The Cranley administration also has plenty of ongoing work – most importantly, implementing his Hand Up Initiative to reduce poverty.

At the editorial board meeting, Cranley touted his minority inclusion efforts as the way to build a black middle class in Cincinnati. The city is spending well over $1 million on a Croson study, consultant and new Office of Minority Inclusion to increase the use of minority- and women-owned businesses on city projects. We support the goal as a matter of fairness but think the mayor may have gotten carried away with his rhetoric.

Hand Up is a more promising initiative to move the needle on the serious issues facing African Americans and others in our neighborhoods. It will provide job training via three proven programs – Cincinnati Works, Cincinnati Cooks and SOAR – with the aim of pulling 4,000 people out of poverty.

We will be rooting for this program to work, particularly because parents’ financial stability translates into a better growing and learning environment for kids.
Other focus areas in the “ongoing” category include reducing crime, improving police/community relations and supporting neighborhood economic development projects.

The city will have to be strategic on neighborhood economic development, Cranley said, as it can’t put money into projects in all 52 neighborhoods. Areas with active community development corporations and engaged citizens are most likely to get money to fill funding gaps for specific projects, he said. An Avondale grocery and Mount Airy beer garden remain among likely recipients this year.
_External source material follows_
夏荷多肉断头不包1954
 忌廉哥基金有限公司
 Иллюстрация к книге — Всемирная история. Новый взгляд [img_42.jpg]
The last issue is nowhere on the mayor’s list, and that’s the problem. The streetcar is coming, and we will continue to urge Cranley to not only passively accept that fact but to emulate Councilwoman Amy Murray and actively embrace its possibilities.
It’s no secret that mass transit, walkable neighborhoods and bikes are attractive to millennials – the workers of the future – and Cranley ignores that population at the peril of our city.